If this understanding is correct then all change orders should be attributable to
- Missing/incorrect detailing of the BRD leading to missing or incorrect sections of the SOW
- Wrongly estimated quotes in the SOW for correct solutions to the BRD that manifest in later realizations either when creating the TDD or in actual delivery/certinia.
Change orders are the signals that we train against for things going wrong from BRD <-> SOW and SOW <-> TDD. In order to properly handle accurate scoping, we should essentially root cause every change order ever and relate those to factors in our world model (introduced below) that caused the change orders to pattern match in the future.
So how can we improve the scoping accuracy? I see the solution to this as building a strong cross artifact world model for customer pattern recognition. IF we could somehow say these past 8 implementations are similar each along this vector have the same issues as this new implementation and you’re likely missing x requirement that will trigger xxx$ change order soon that would help tremendously with scoping accuracy.
If we’re to break down the building of the world model into subproblems they would be similar to the necessary subproblems of creating good artifacts in the first place.
- Defining the entities that matter that should be used as pattern recognition vectors - Try to avoid modelling everything in the document, I bet most going to be noise
- Accurately retrieving those entities and contextualizing them.
- Recognizing patterns
Tangible Roadmap Steps
Phase 1 - Pre Sales Cost Optimization + Improved Claude
- Build out the data models for the skeleton of good artifacts. These are the entities, quotes, estimates, promises and building blocks that can be used to construct a good artifact and how they relate to each other.
- Attribution and search/retrieval. Being able to pull out the right search and retrieval and contextualize that into the above data models.
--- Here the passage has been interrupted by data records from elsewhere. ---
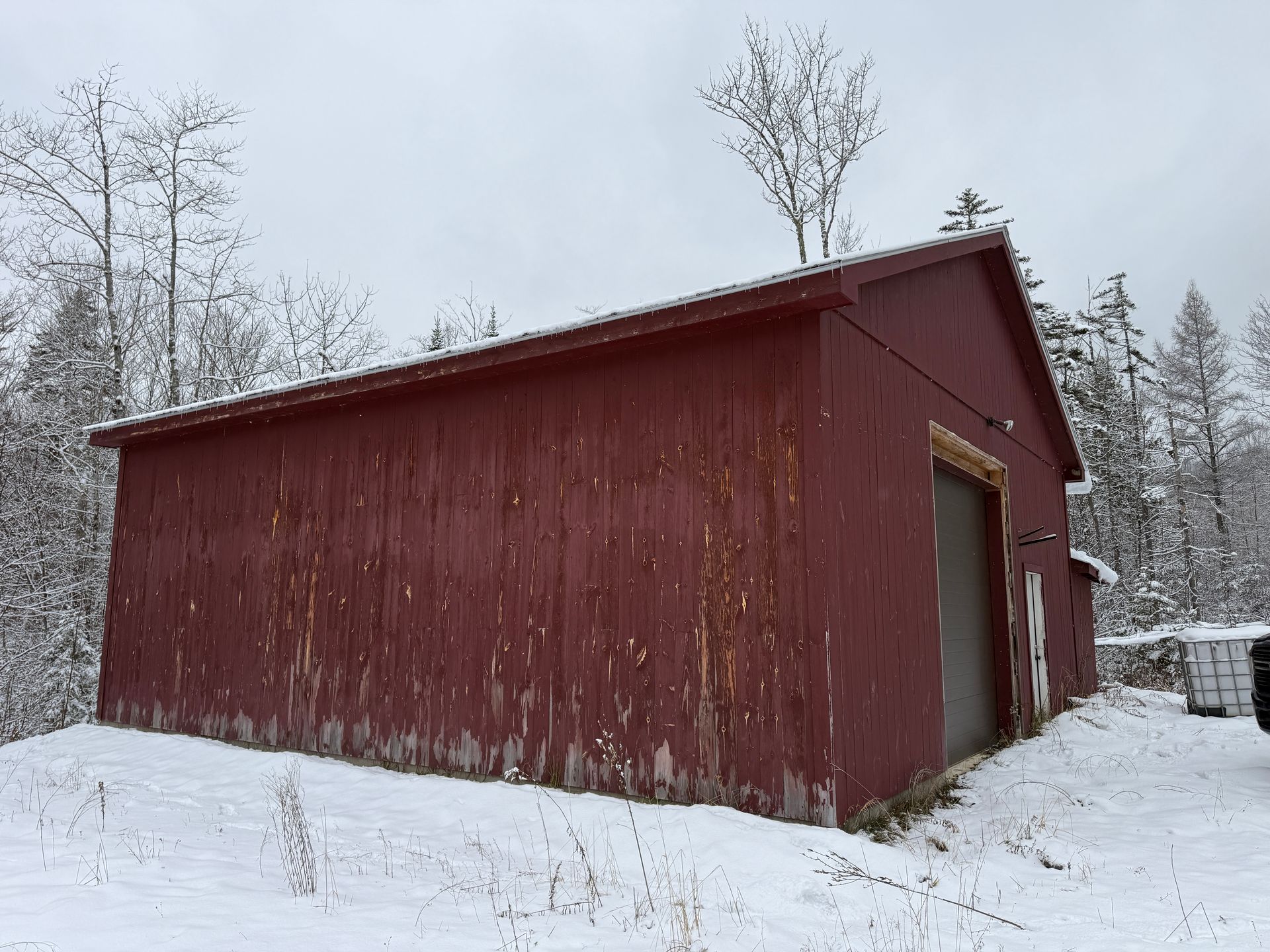 Red wooden shed in a snowy landscape. Trees in the background, overcast sky.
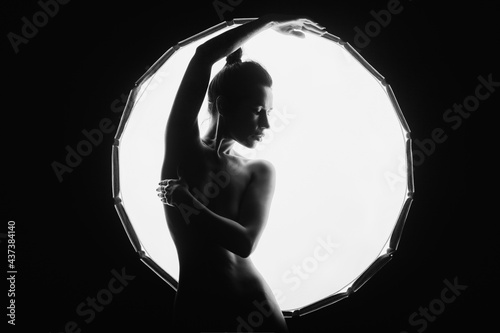 The silhouette of a young, slender, in the light of softbox.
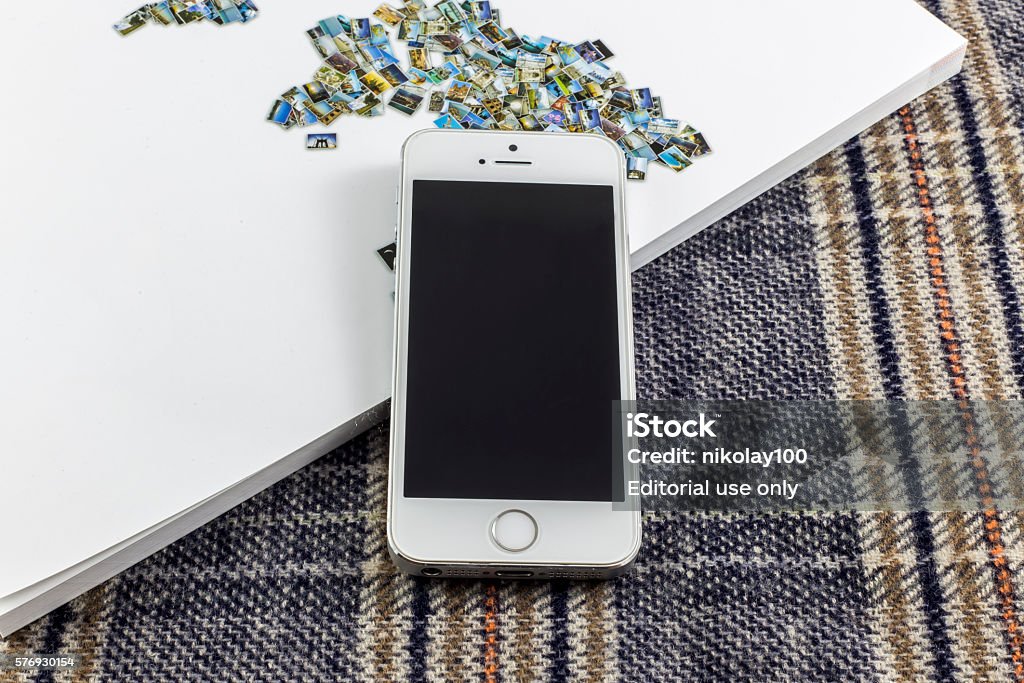 Used Iphone 5S on a magazine Plovdiv, Bulgaria - June 21, 2016: Used white Iphone 5S mobile phone laying on a white magazine and squared cloth Apple Computers Stock Photo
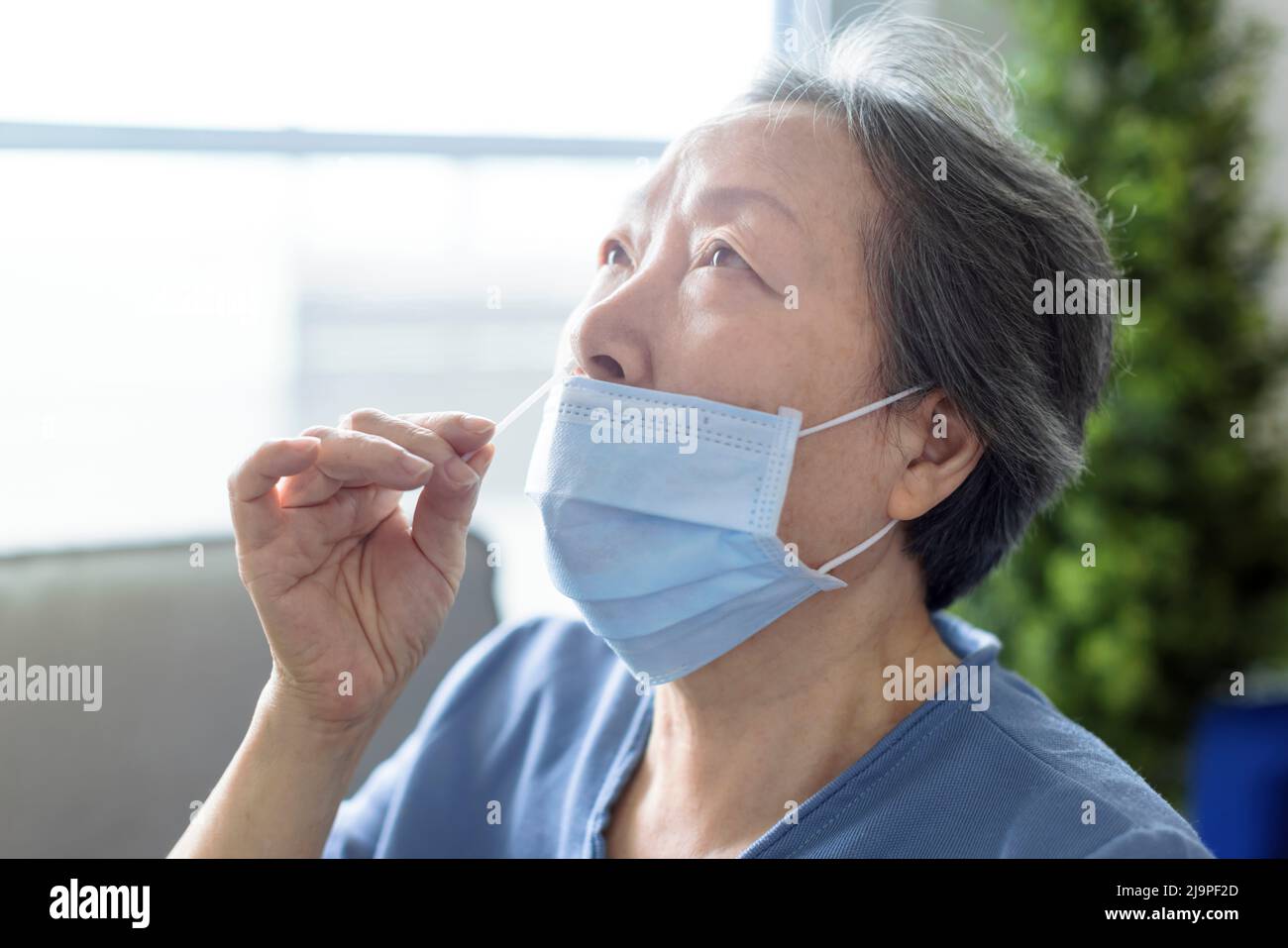 Donna anziana asiatica che fa auto-test per COVID-19 a casa con kit antigene. Foto Stock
The goal is to be able to index all incoming transcripts and documents for important information with high confidence and build out the skeleton from step 1. This should be our agent eval framework. It will determine how good our citations are, how good our artifact section writing is, how accurate our BRD requirement to SOW scoping translation is.
- Artifact generation - Building out the BRD, SOW and TDD to start. This is combining all the above contextualization, with templating/historical context of how the prose should be structured. The goal is to have fully useable artifacts that are the SAME quality as historical artifacts but now with sources, citing, and potentially contradictory stakeholder analysis.
Phase 2 - Self Improving System
- Change Order analysis - Indexing the change orders and connecting them with our data models to run classical ML against why they happen in the first place. This will augment our artifact generation and risk flagging for artifacts.
- Discovery Requirements retrieval - Meeting bot for asking the right questions that inform the BRD/SOW. This is based on historical indexing of understanding how parts of the BRD converted to specific scopes in the SOW + change orders on how things in the BRD were missed/mistranslated to the SOW. After this step, our questions lists should only be the minimum subset of questions and answers that are necessary to scope the BRD and SOW (we’ll know which questions don’t usually lead to parts of the SOW).